For almost everything beyond these three, there is a YouTube tutorial by now — often for your exact model and your exact fault. With a bit of care, a few screwdrivers and a free afternoon, you can fix more than you'd think, even without much experience. Willem Verbeeck made a whole video about exactly this — fixing up old film cameras at home:
Video: “Fix Your Old Film Camera at Home!” — Willem Verbeeck
One channel I can recommend from our own refurb days is Fix Old Cameras — we learned quite a bit there back in the day. A good place to start is his tour through the basic repair tools:
Video: “Camera Repair Tools, Part One” — Fix Old Cameras
When a CLA absolutely makes sense
I love a good CLA. I pay for CLAs myself, or do them myself when I can. I've been shooting film for 15 years, I know I'll keep doing it, so a reliable, smoothly running camera gives me full value for the money. Nothing beats a freshly serviced mechanical camera.
So if you've shot a couple of rolls with your flea market find, and you know this hobby sticks: treat the camera to a proper service. Or search for a clean, already CLA'd example and keep yours for spares. Both are good decisions — once you know the camera earns it.
But no, not every “broken” film camera needs a 300-euro service before you're allowed to take a photo with it. Shoot first. Service later — when you and the camera both know it's worth it.
Fight me in the comments — or over in the Reddit thread.
Cover image: still from the video by u/IndividualEven5062 on r/AnalogCommunity.
1 comment
Thank you for the article. I am an avid camera collector and photographer. You hit the nail on the head with your article.

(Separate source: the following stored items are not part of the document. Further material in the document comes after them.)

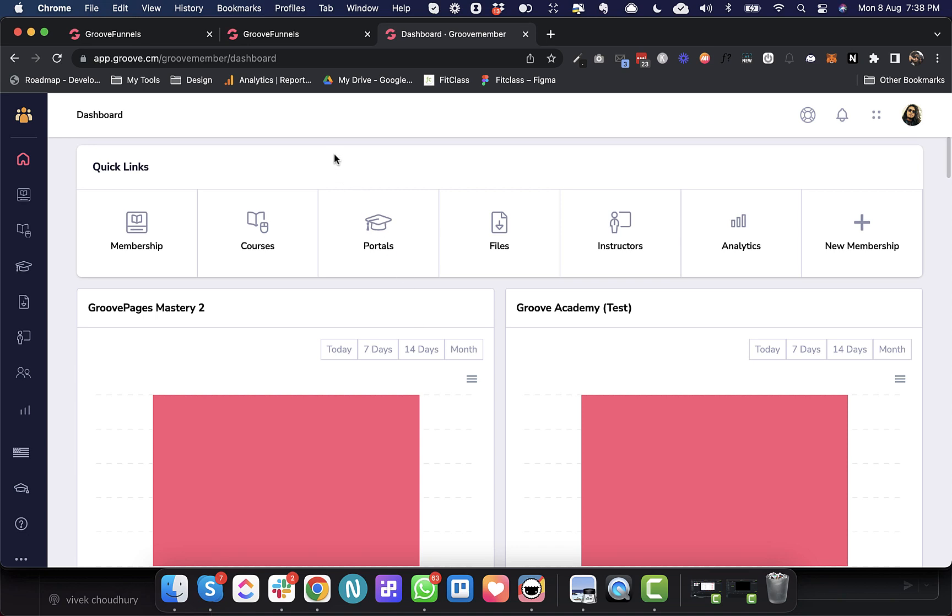Hey everyone, this is Dabarshi and in this video I'm going to cover the latest three deployments that went live on GrooveMember last week. The first one is the member screen.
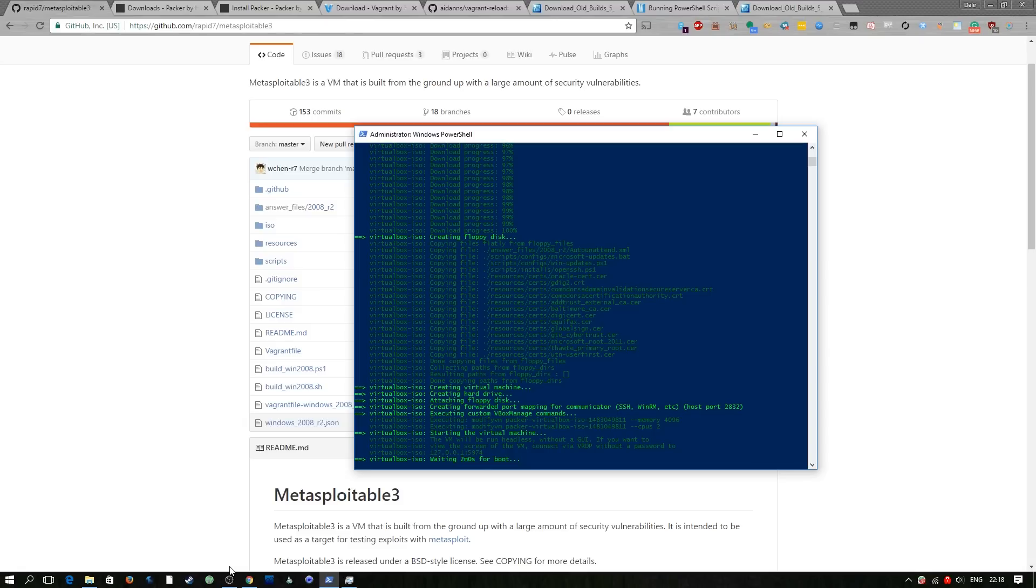It's going to create the virtual machine, it's going to create the hard drive, attach the floppy disk and then go ahead and launch the VM with the auto attend file. It's all doing this in the background and it's pretty much hands off at this point we just let it run.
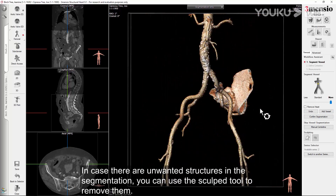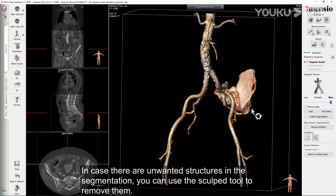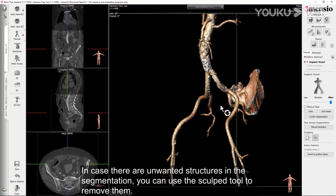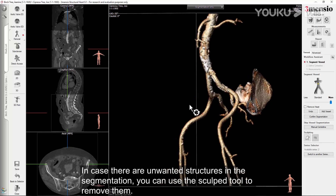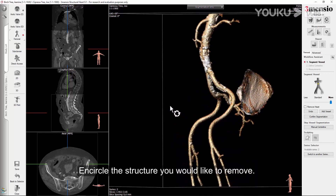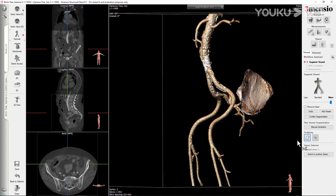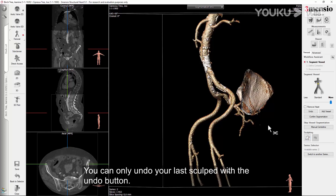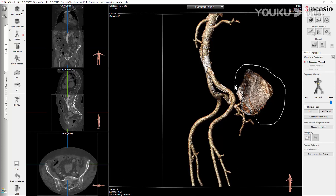In case there are unwanted structures in the segmentation, you can use the sculpt tool to remove them. Encircle the structure you would like to remove. You can only undo your last sculpt with the undo button.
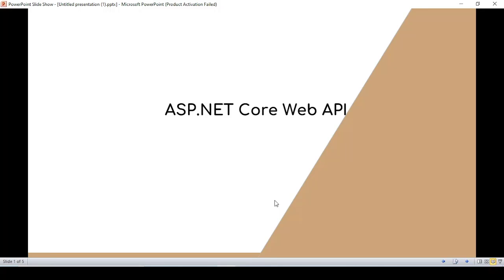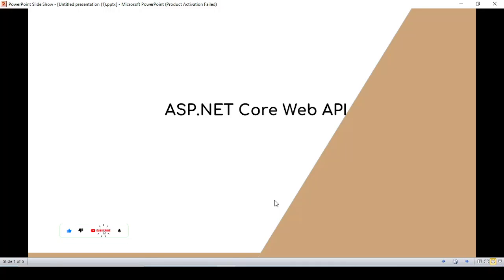Hello guys, today we are going to start the ASP.NET Core Web API tutorials. We are going to cover all the concepts of ASP.NET Core Web API with real-time examples. You will learn from the very basic to the advanced level features of ASP.NET Core Web APIs as you progress in this series.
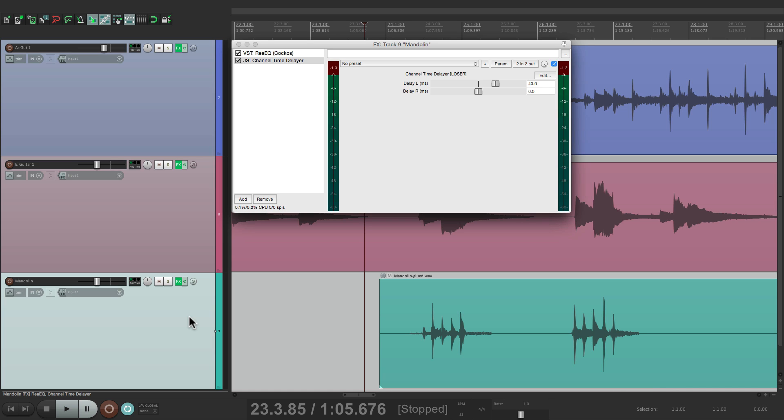So anyway, that's the channel time delayer in Reaper. I hope you learned something, I hope you can use it, and I'll see you next time. Thanks.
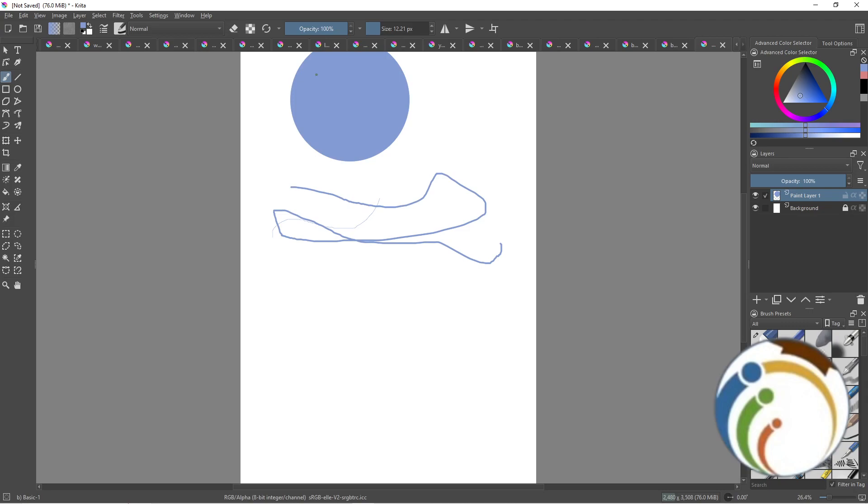And this will be the medium size of it. So to change the brush size, you change the size on the top after you click on the freehand brush tool.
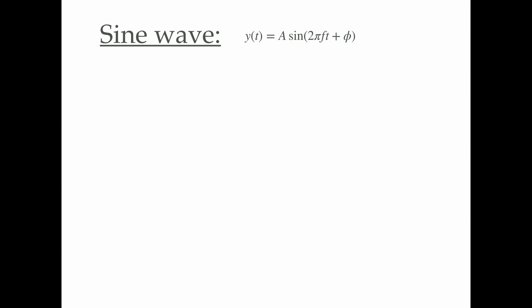In this video, we will be discussing how to plot a sine wave in Python. Here is the simple equation for the sine wave, which is y(t) = A sin(2πft + φ).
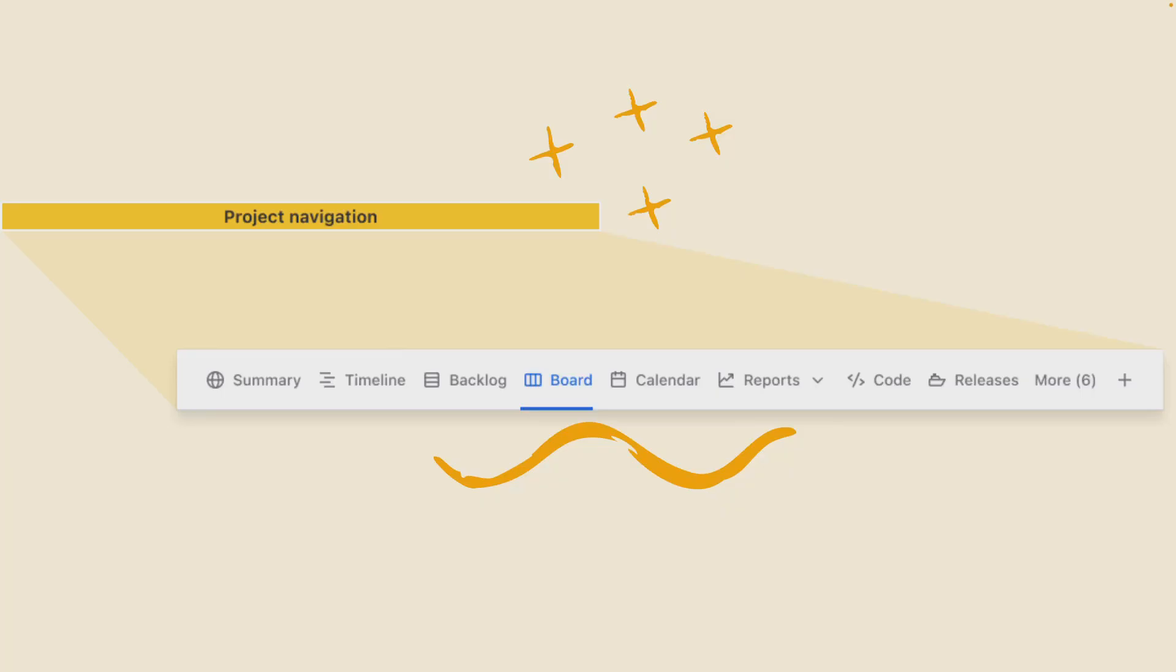While the sidebar allows you to seamlessly switch between different types of projects, the project navigation allows you to switch between different views and features.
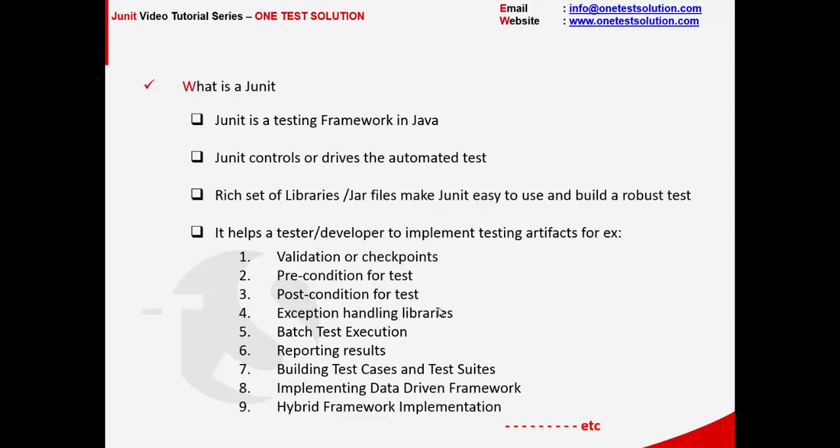From the reporting standpoint, it has a nice integration with Ant which helps generate beautiful JUnit HTML reports. JUnit also provides a capability to build test cases and test suites for better tracking, testing, and maintenance.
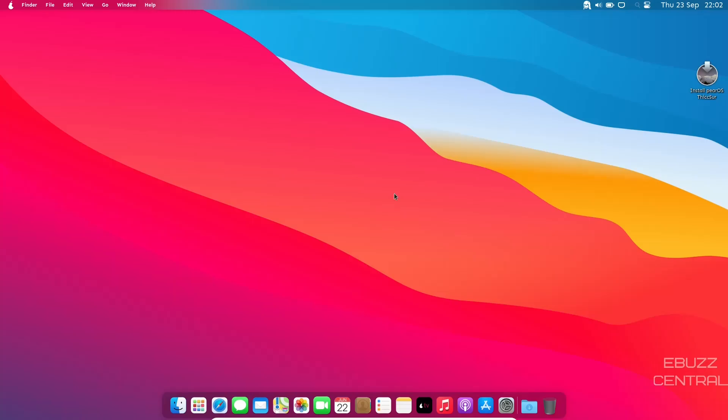But if you're out there and this is something that you like, you like this look, you like the Apple ecosystem, you like the Apple theme, by all means, run over to their website, download it, throw it on a USB, put it in a virtual machine and play with it.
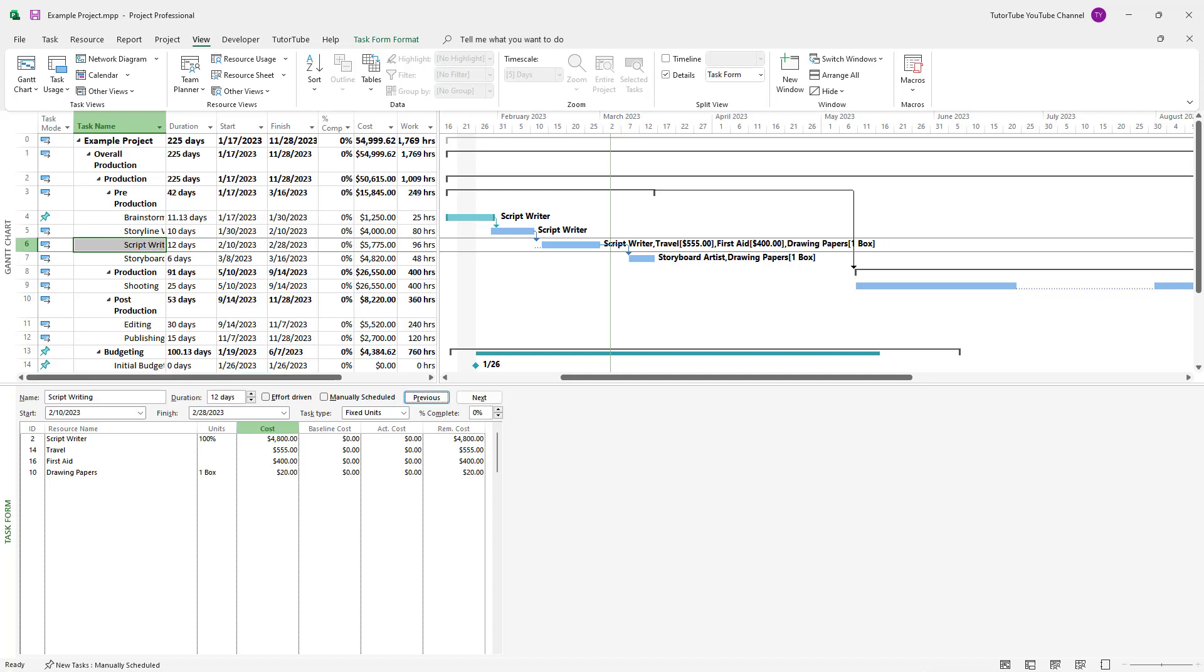And that is how you can prevent resource duplication errors in the resource list while you're assigning resources to different tasks inside of Microsoft Project.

I have many cameras which means that I only have a handful of opportunities to use each camera in a given year. I do believe that a CLA is justified in several cases. However, if I can replace a broken or partially functional camera with a replacement for a fraction of the price of a CLA, I will do so. Most of my cameras require some type of attention that I can provide such as using lighter fluid to clear some junk inside of the camera. Please remember that I only use the camera a handful of times per year. Based on the quick math, it makes no sense for me to have my Pentax Spotmatic sent in for me at $200. Assuming I use it four times this year, that comes to $50 per use.
I do have other cameras that may simply not work and require dedicated attention. In this case a CLA may be the solution.